**Problem:**
Among the entries below, only the lines from the one with "Chuveiro e Lava-Olhos: o" through the one with "I'd rather be" are wanted, reproduced exactly. Pictures are not wanted.

**Given information:**
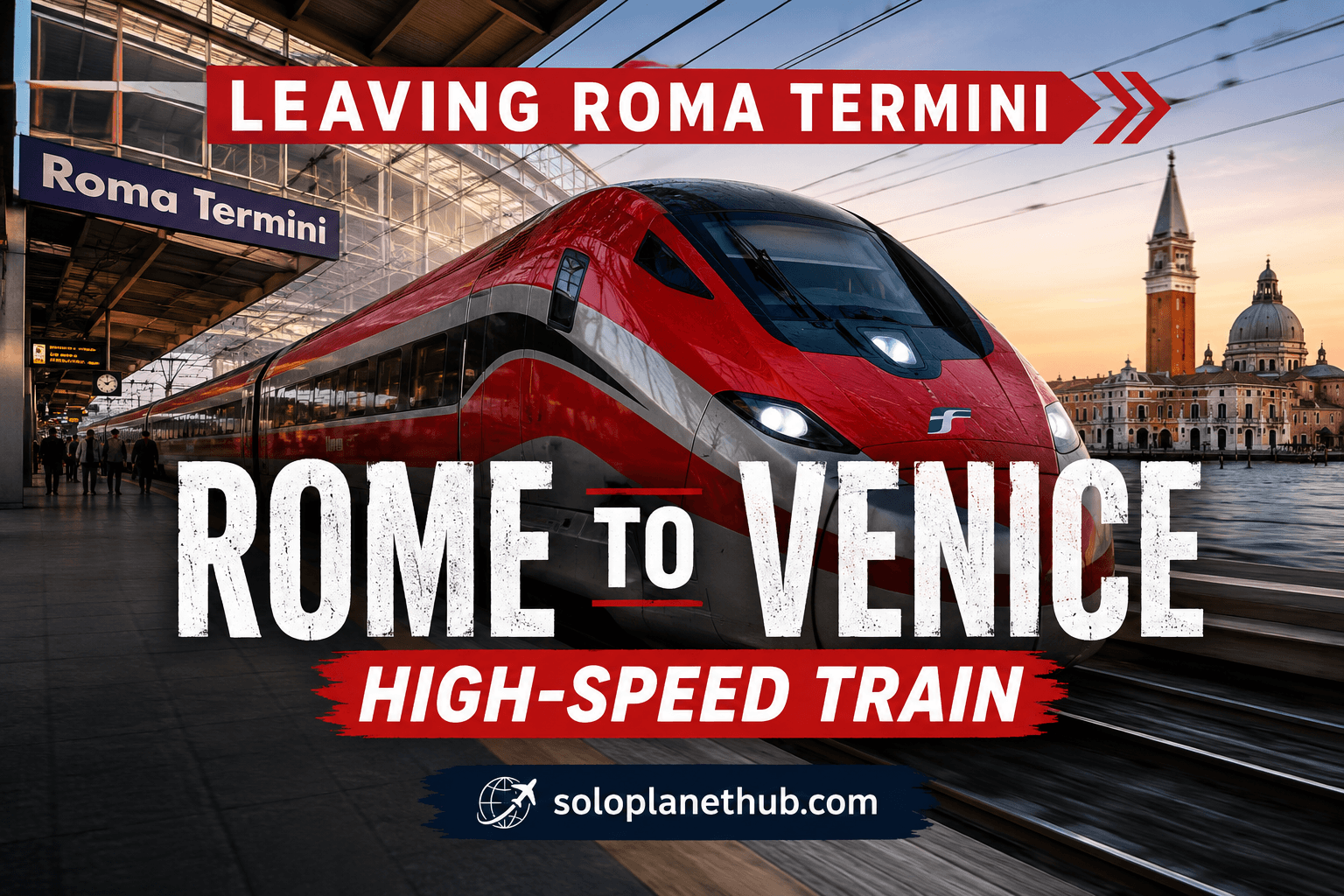 Rome to Venice Train The Smart Traveler's Guide to Fast Tickets & Prices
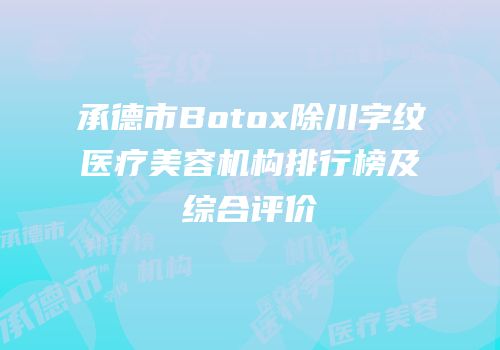 承德市Botox除川字纹医疗美容机构排行榜及综合评价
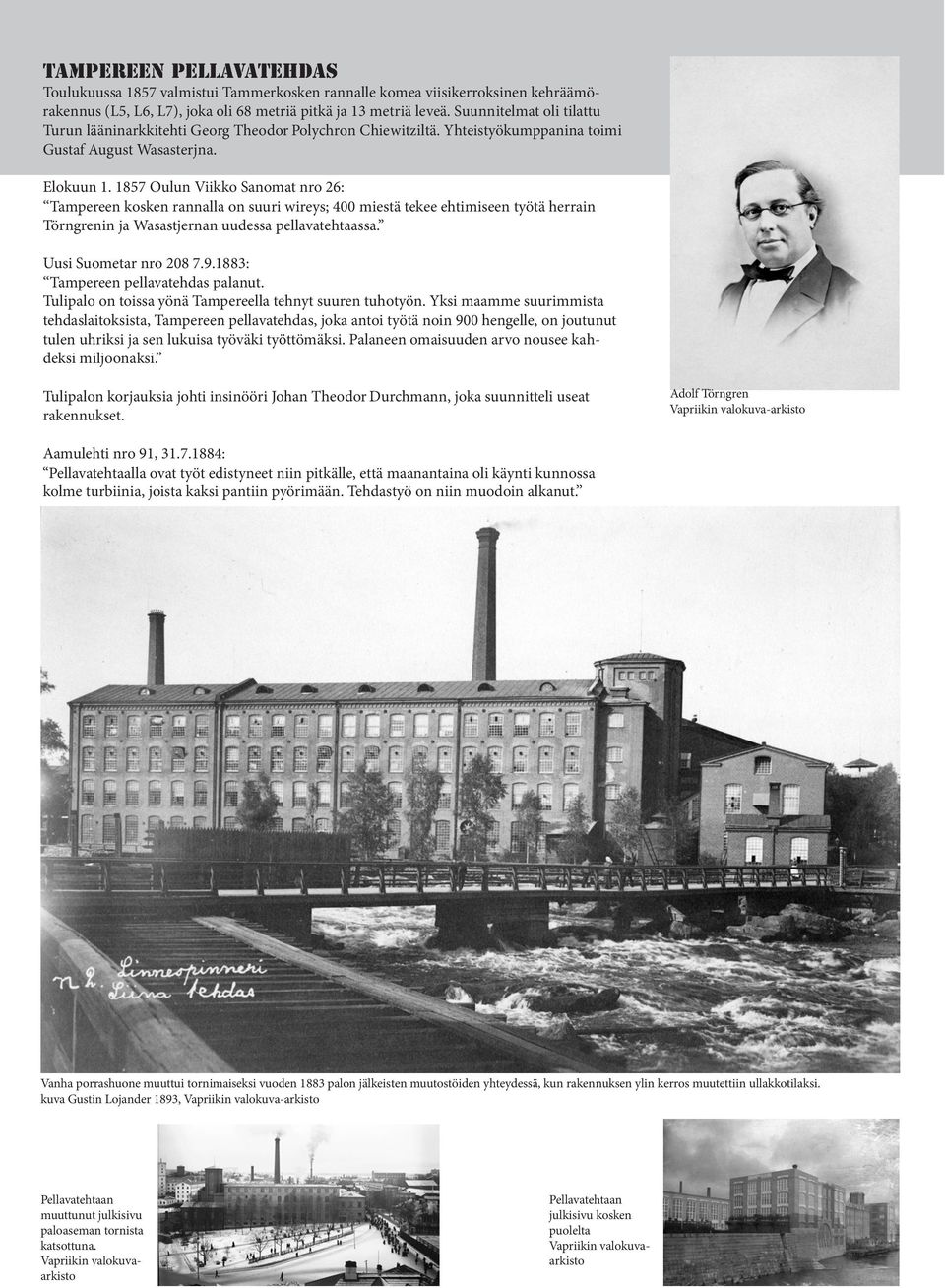 1857 Oulun Viikko Sanomat nro 26: Tampereen kosken rannalla on suuri wireys; 400 miestä tekee ehtimiseen työtä herrain Törngrenin ja Wasastjernan uudessa pellavatehtaassa. Uusi Suometar nro 208 7.9.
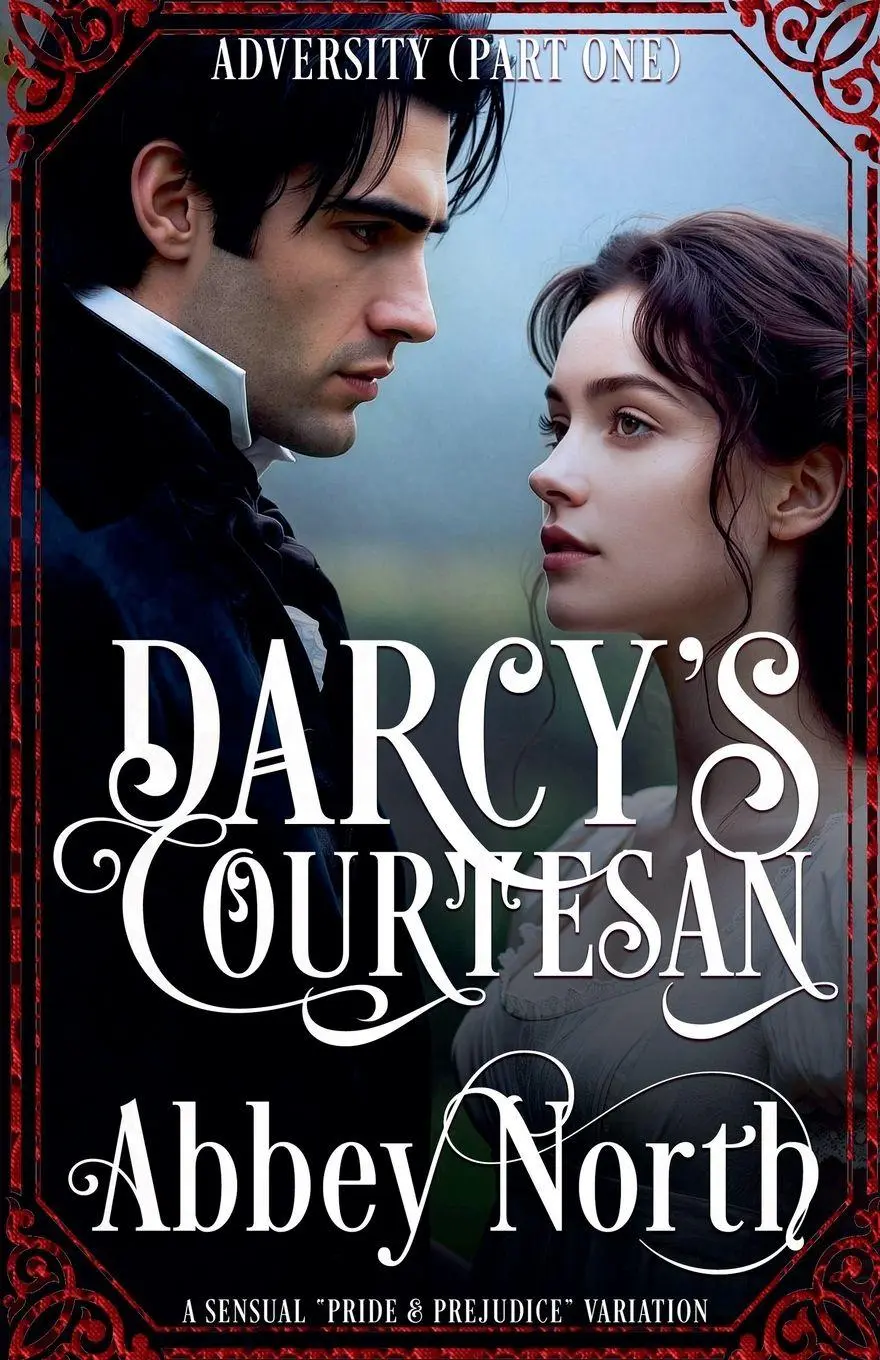 Cover: 9798215556634 | Adversity (Darcy's Courtesan, Part One) | Abbey North | Taschenbuch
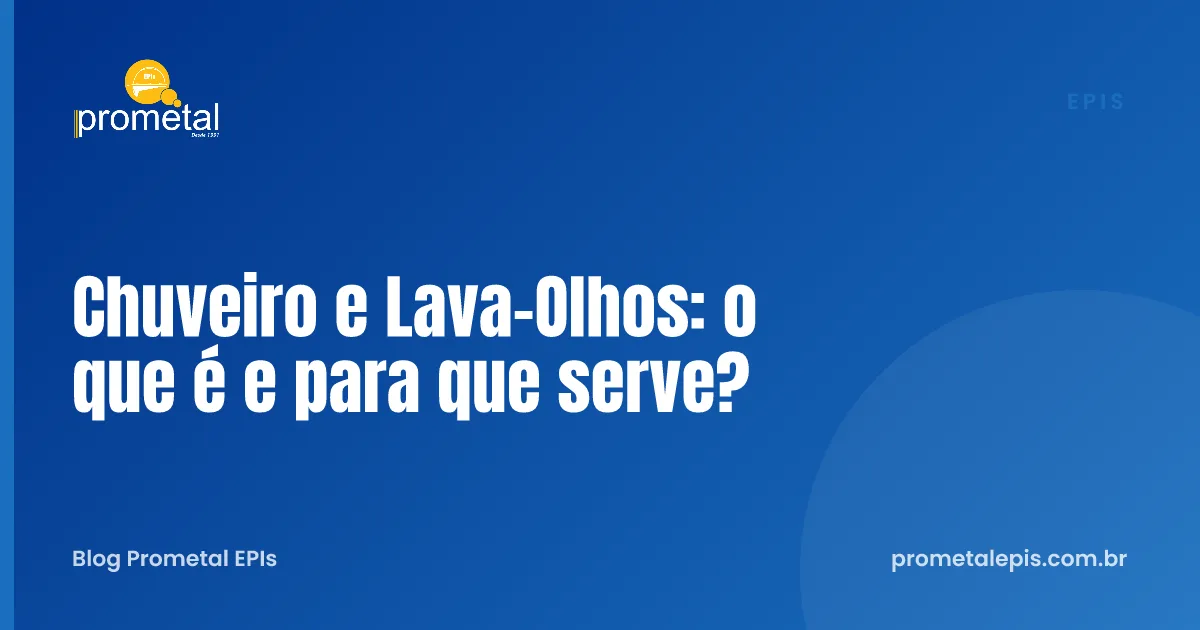 Chuveiro e Lava-Olhos: o que é e para que serve?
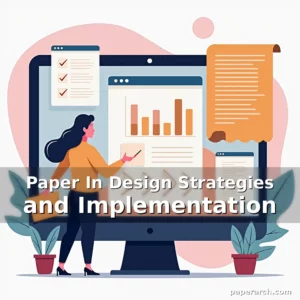 Artistic representation for Paper In Design Strategies and Implementation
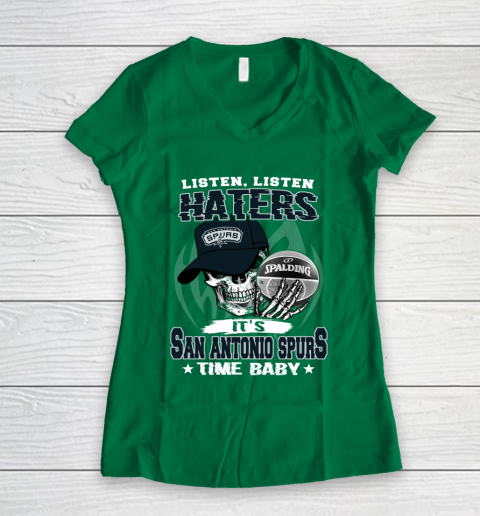 Listen Haters It is SPURS Time Baby NBA Women's V-Neck T-Shirt 3
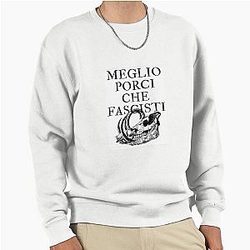 I'd rather be a pig than a fascist - Porco Rosso Sweatshirt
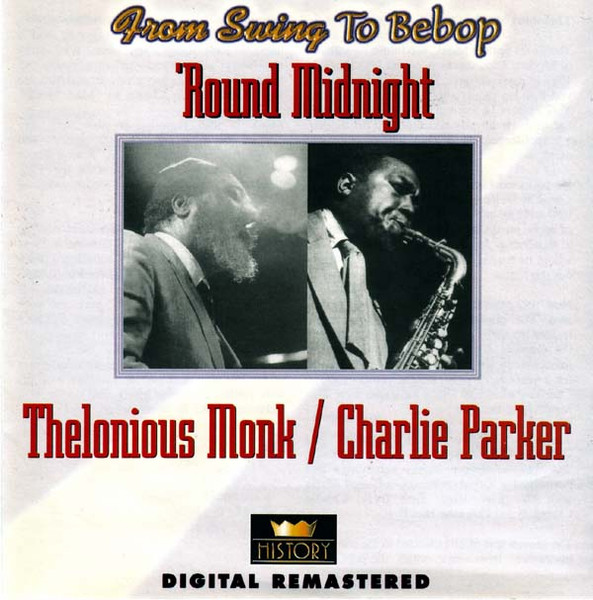 Thelonious Monk / Charlie Parker – 'Round Midnight (CD) - Discogs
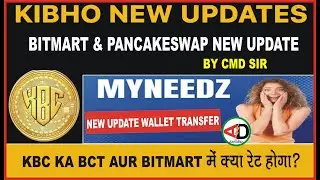 kibho new update#bitmart & pancake swap listing new update#my needz wallet transfer#kbc rate in bct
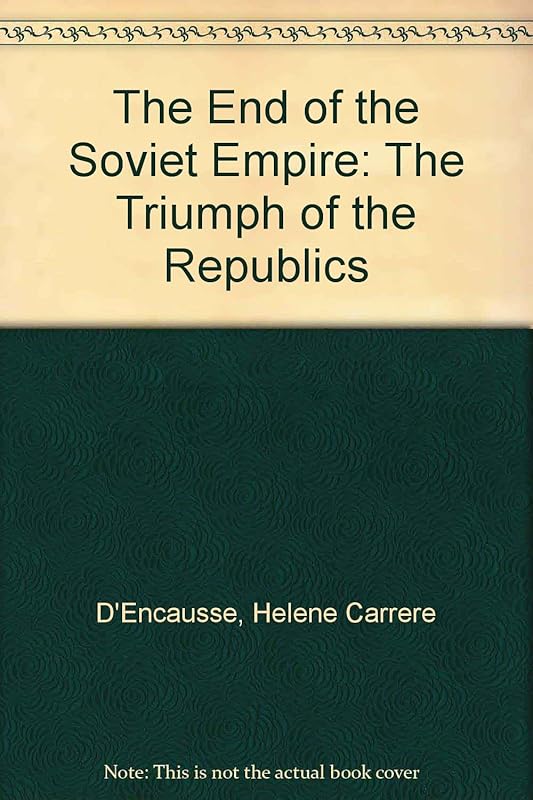 The End Of The Soviet Empire: The Triumph Of The Nations by Helene C. D'encausse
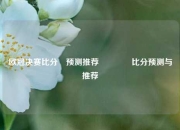 欧冠决赛比分⚽预测推荐👉比分预测与推荐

**Problem solution:**
 Chuveiro e Lava-Olhos: o que é e para que serve?
 Artistic representation for Paper In Design Strategies and Implementation
 Listen Haters It is SPURS Time Baby NBA Women's V-Neck T-Shirt 3
 I'd rather be a pig than a fascist - Porco Rosso Sweatshirt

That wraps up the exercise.